I recently completed a series of articles analyzing how we structure and operate businesses. In these four articles, I analyzed corporations at various stages of life – infancy, youth, adulthood and old age – by taking the corporate personhood metaphor far more literal than it should ever be taken. In doing so, I wanted to find extreme examples where the corporation as a person made no sense, extract a few chuckles and, if I was lucky, stop someone from laughing for just long enough to realize that the point being made may not be so ridiculous after all. My goal was to entertain, but also to fool the reader into catching small moments of conscience or confusion that found truth in words so outlandish that one couldn’t help but question our way of running businesses.

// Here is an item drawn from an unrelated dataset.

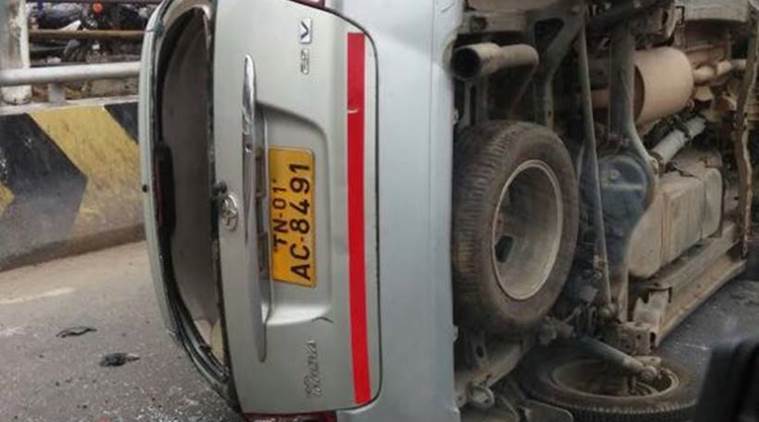 A vehicle bearing Tamil Nadu registration number overturned by pro Kannada protesters in Bengaluru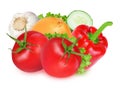 Tomatoes, peppers, garlic, onions and cucumbers on an isolated white background. Red pepper, red tomatoes, onion, garlic and cucum Royalty Free Stock Photo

Building a Better Man: The Corporate Redesign
My core thesis with these articles was that corporations are an extreme form of person – all profit and no empathy – that benefit from many of the same rights as people, but are not held to the same standards. It’s not just that this creates unethical businesses or amoral organizations; my largest issue with the corporation as it has manifested is that we have created exceptionally dumb organizations. By maximizing profit, we’ve minimized thinking. We can’t really be mad when corporations cut corners, cheat the system and generally screw people over to make money – we designed them that way. That old saying about the type of person who would crawl over their own mother’s dead body for a buck – we actually made a type of person that deems that sort of behaviour as perfectly logical.
I don’t want to see the end of the corporation, and I hope that didn’t come across in this series. What I want to see is a better kind of corporation. I don’t simply want more ethical corporations, I want smarter ones. I want corporations that are not as near-sighted; those who have the freedom and ability to break the shackles of the quarterly earnings statement in order to focus on a more holistic, long-term strategy.

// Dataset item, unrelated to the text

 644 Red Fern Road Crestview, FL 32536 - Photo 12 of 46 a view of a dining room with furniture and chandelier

I want corporations to have two considerations to maximize: profit and social good. Will these two considerations be at odds at times? Yes. Will this new corporation be an easy entity to design? No. Will the resultant design be a much more complex, confusing, ambiguous and at times frustrating environment to work within? Yes; that’s the point. I want to design healthy tension into the way we work. I don’t want to have an obvious answer – will it make money? – to every question.
Simplistic corporations allow for – nay, encourage – simplistic thinking. This should disgust us. The human brain is an intricately complex vessel that allows us to hold exceptionally involved thoughts and ideas. Our minds are playgrounds for creative thinking; however, they’re also lazy. If we design an easy way out, they’ll take it. As such, if we want better thinking, we must structure environments that encourage better thinking.
This is my job in a nutshell. As an Innovation Strategist what I do is create environments that encourage better thinking to ultimately lead to innovative ideas. Design thinking guides me on how to solve wicked problems by looking at them differently, asking stupid questions, and placing a diverse team in environments with healthy tensions that force us to question traditional thinking and each other. We design our approach intentionally to be critical of ourselves so that there are no easy answers. However, for the most part, I only get to play on a smaller scale around products and services.
To me, the corporation is the most wicked of all design problems. Countless cases highlight the flaws of current corporate design, leaving the business world and the rest of the world crying out for a better way forward. Do I have a solution to this problem? No, not yet. However, I do know the first stupid question we need to start asking:
Why did we make a person so drastically different from ourselves?